WHAT THE EXERCISE ASKS
Pictures stay out of the copy. Transcribe exactly the lines from the line with "DSG speed viper 4.5 soccer cleats" through the final line of the records.

RECORD EXCERPTS
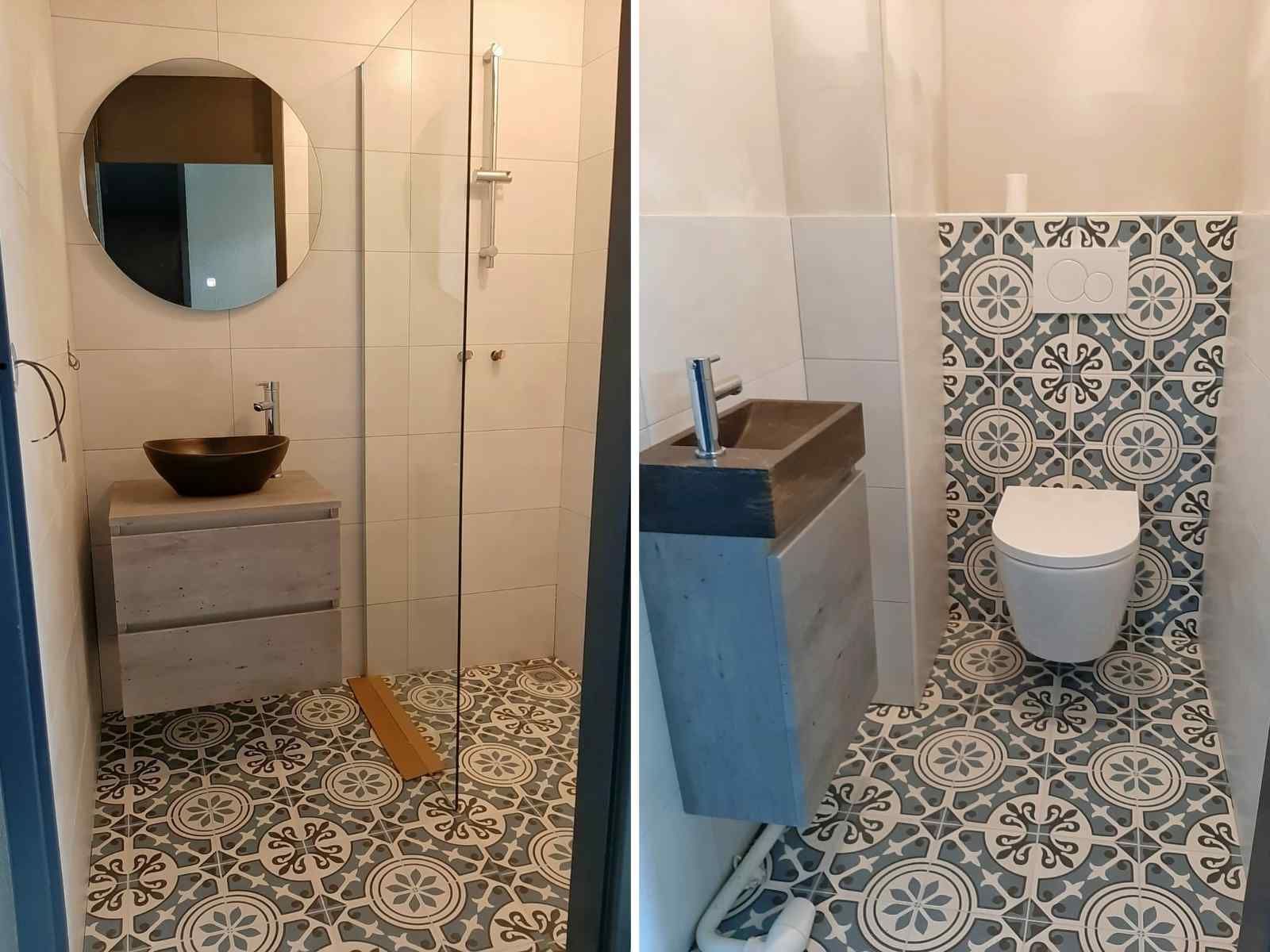 Esstisch und Kueche im Ferienhaus ZE1402 in Oostkapelle, Walcheren, Zeeland mit Stimmungsbeleuchtung.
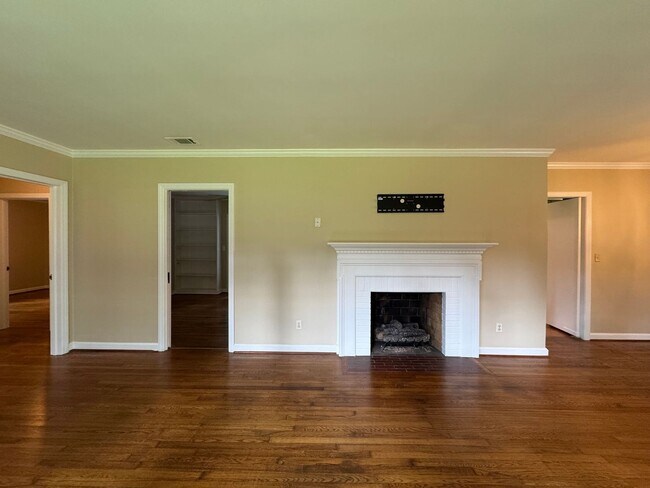 Building Photo - Cozy 2/1 Cottage in Rockridge Heights- $1,650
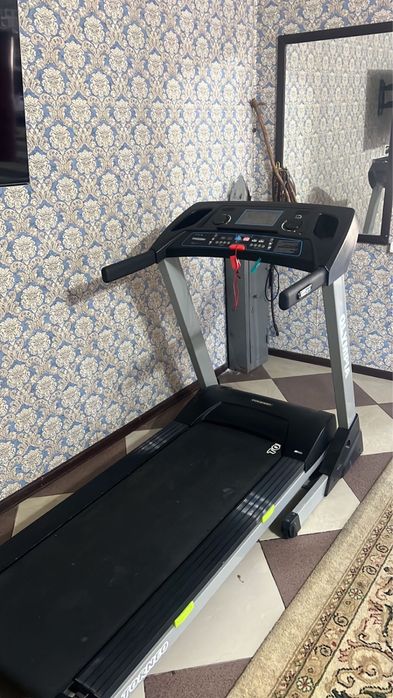 Профессиональная  беговая дорожка со всеми функциями .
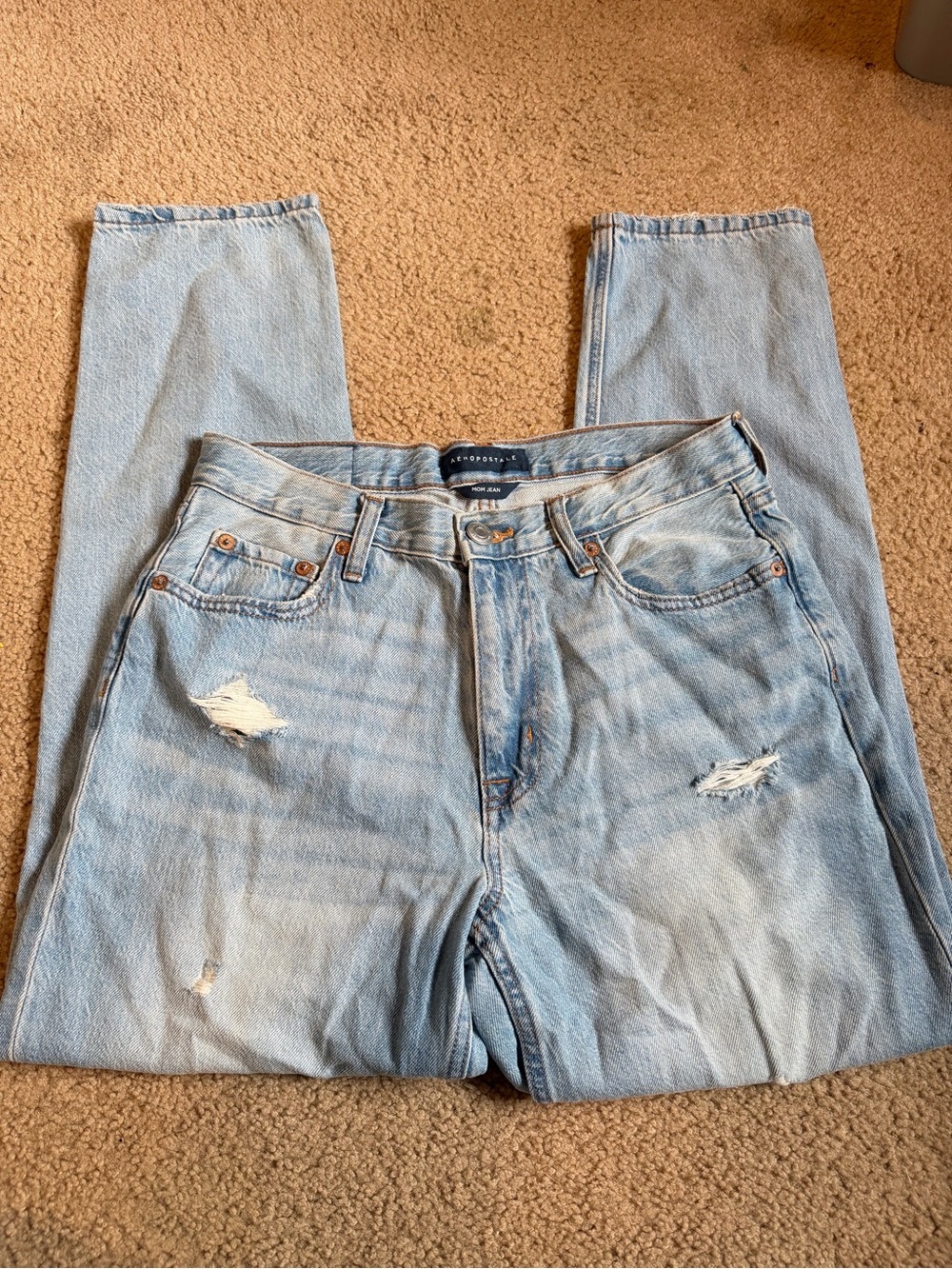 Aeropostale Light Blue Distressed Women’s Jeans
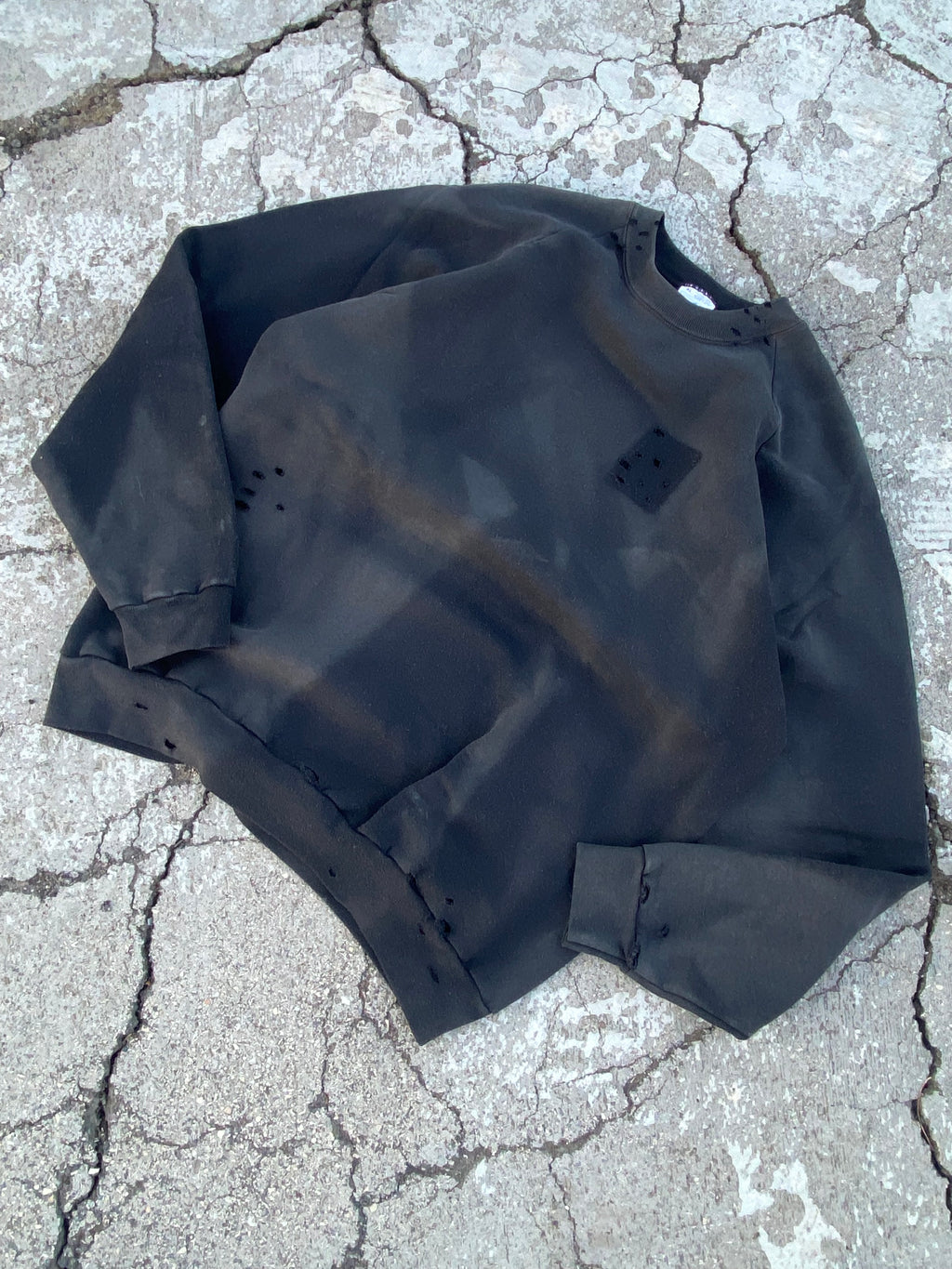 2000’S SUN FADE BLANK CREWNECK (XL)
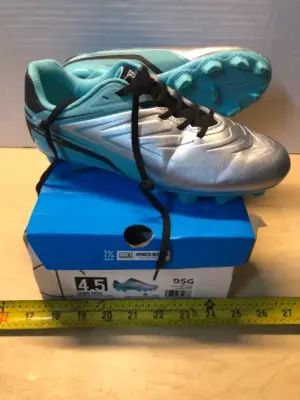 DSG speed viper 4.5 soccer cleats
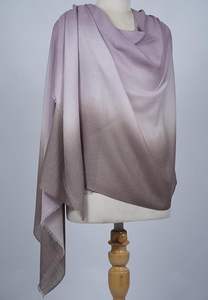 Écharpe VIC unisexe en cachemire et laine fine respirante, ombrée 3 tons, de luxe, pour l'hiver, multi-usages, taille 70 x 200 cm - Product Image 4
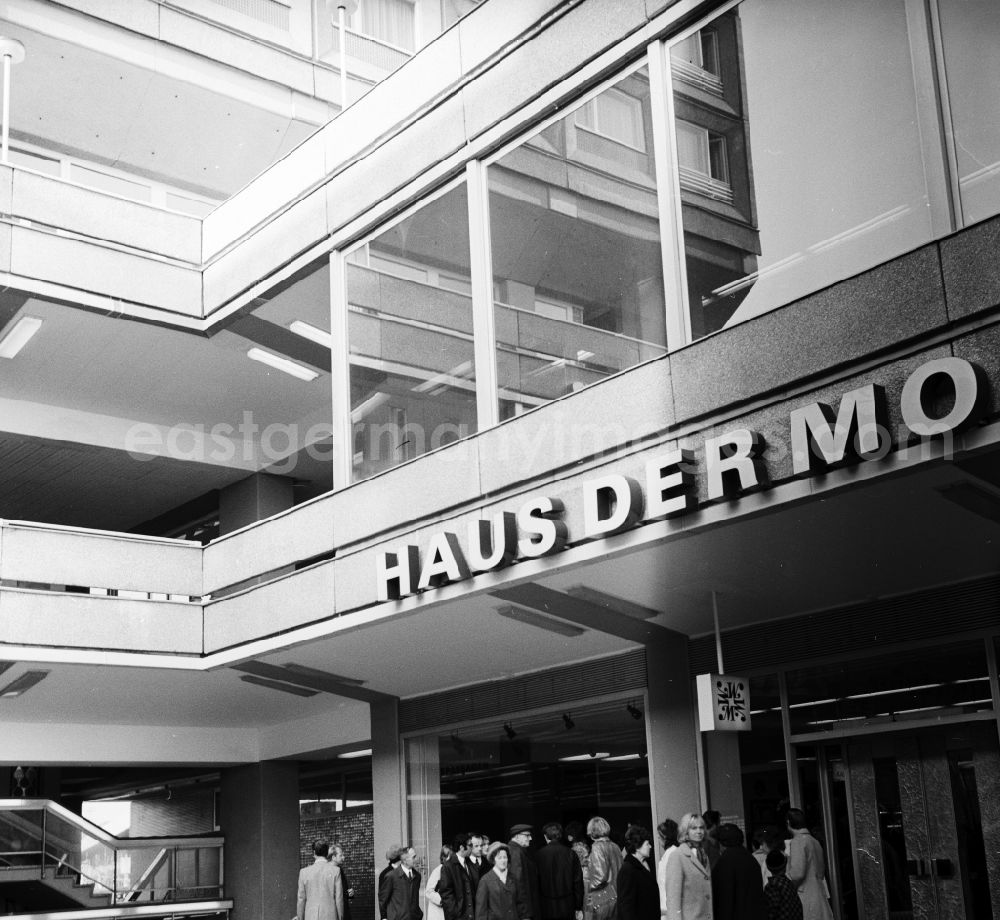 GDR photo archive: Berlin - Customers in front of the Haus der Mode department store in the Rathauspassagen in Berlin, the former GDR capital, German Democratic Republic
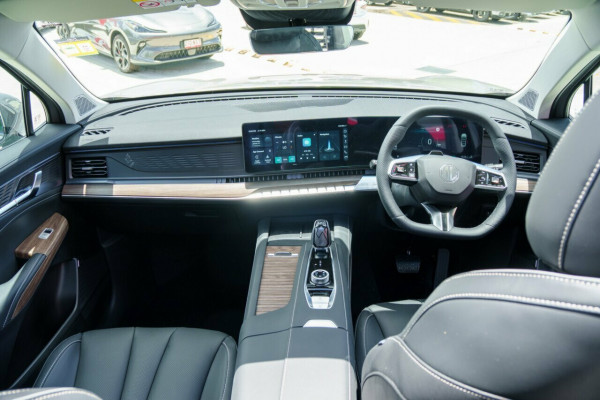 2025 MG QS IS31 Essence SUV Image 20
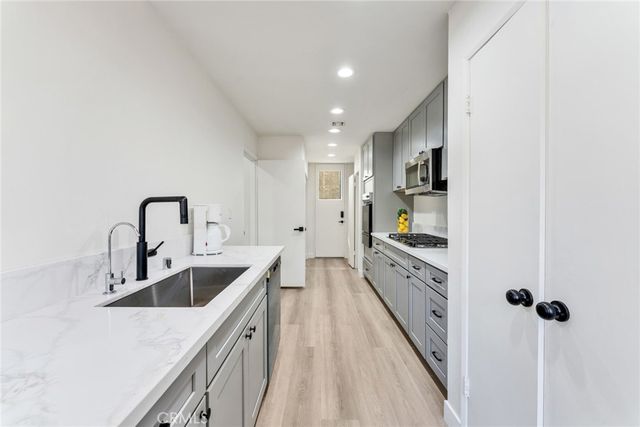 1338 Harvard C, Santa Monica, CA 90404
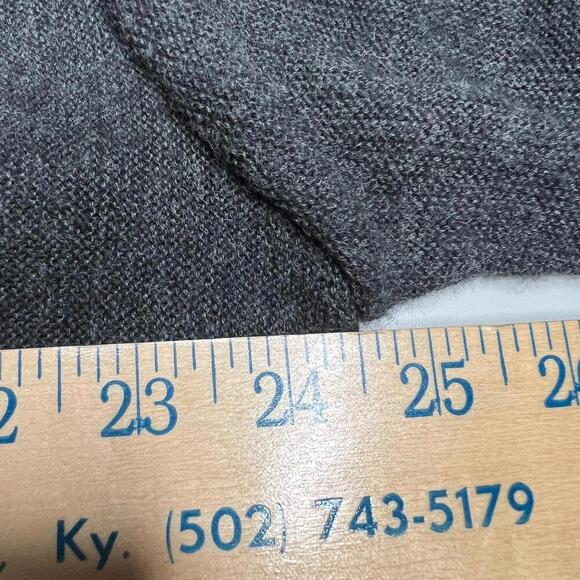 Vintage IZOD Lacoste V-Neck Sweater Men’s L Gray USA Made 100% Orlon Pullover - Picture 7 of 10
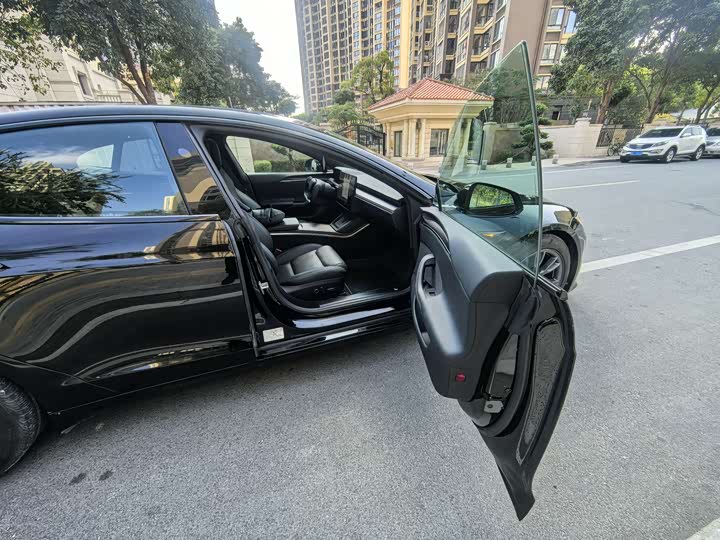 Фото 5 - Tesla Model S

WRITTEN SOLUTION
 DSG speed viper 4.5 soccer cleats
 Écharpe VIC unisexe en cachemire et laine fine respirante, ombrée 3 tons, de luxe, pour l'hiver, multi-usages, taille 70 x 200 cm - Product Image 4
 GDR photo archive: Berlin - Customers in front of the Haus der Mode department store in the Rathauspassagen in Berlin, the former GDR capital, German Democratic Republic
 2025 MG QS IS31 Essence SUV Image 20
 1338 Harvard C, Santa Monica, CA 90404
 Vintage IZOD Lacoste V-Neck Sweater Men’s L Gray USA Made 100% Orlon Pullover - Picture 7 of 10
 Фото 5 - Tesla Model S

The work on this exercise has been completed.